Saturday, August 8, 2020

KINGS OF THE FOREST

"Sunday we were led to the big trees, not, indeed, the very largest, but large enough to gratify my curiosity. In company of several gentlemen, besides Mr. Joseph Bloch and his family, we took a ride into the mountains, which in scenery and vegetation are like the Sierra Nevada. A winding road cut into the mountain above the [San Lorenzo] River, leads along a terrible precipice upward through a forest of tall, red trees, a species of cedars and thick undergrowth. The precipice of the narrow canyon, pierced by the river, becomes steeper as you ascend, so that you roll on the edge of a perpendicular wall, as it were, 500 to 800 feet high. The horses and the driver do not appear to mind it, for they go as fast as if they were on a level turnpike in Ohio. The narrow gauge railroad is now below and then above you. Where the canyon widens there are powder mills and saw mills, sometimes 500 to 600 feet perpendicularly below you."

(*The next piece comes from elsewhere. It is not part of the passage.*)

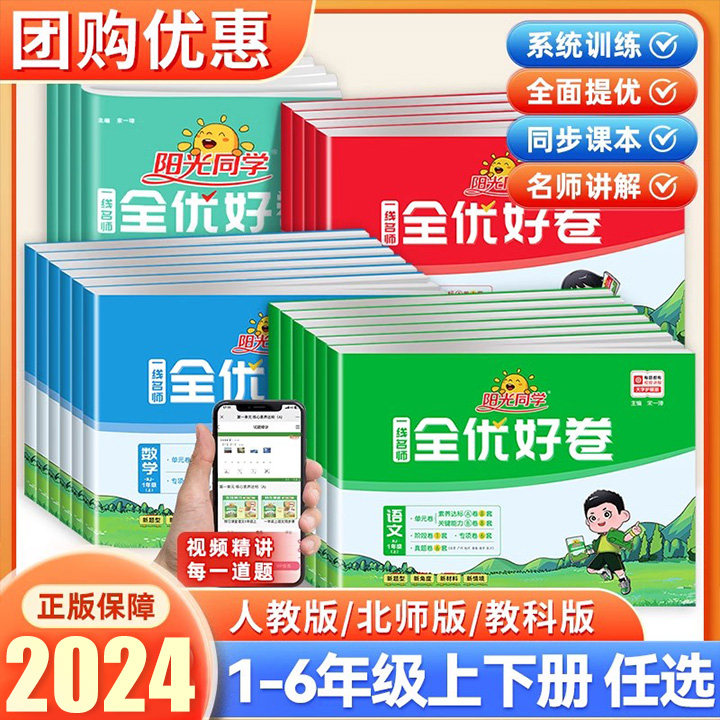 2024新版阳光同学全优好卷一二三四五六年级下册语文数学英语科学人教部编版北师教科小学生同步单元测试卷期中期末复习检测卷上册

Author's Personal Collection

"We have driven seven miles through the forest, the size of the trees always increasing. Now we leave the main road, cross the river and ascend a steep hill and we are among the big trees. I measured one and found the circumference of the base to be seventy-five feet. Their growth is similar to the hickory, tall, straight and without branches, to a height of perhaps fifty to seventy-five feet. Some of these large trees are nearly two hundred feet high. There is an abundance of them on this mountain. Several of them have been burned out at the base to serve as huts for human beings, and in one of them a shoemaker had a regular cabin with windows cut through the body of the tree. There is a regular picnic ground among these trees. Platforms are constructed for the usual purposes, and a family has made its home there, selling things for the accomodations of the sightseers, of whom quite a number have been there to-day. The grove, composed of these kings of the forest, gray with moss and surrounded by luxuriant shrubs and young trees, looks mighty, dark and mysterious. The awful silence is interrupted by swarms of blue birds only. Here is unrolled to your gaze nature in her strength and as majestic as on the first Sabbath when creation had just been finished."

"After six hours gazing we returned to Santa Cruz with impressions of the grand and awful which can hardly be described ... In the evening there was a meeting of all the Isrselites of this city in the St. Charles Hotel. There were twenty gentlemen and nineteen ladies there."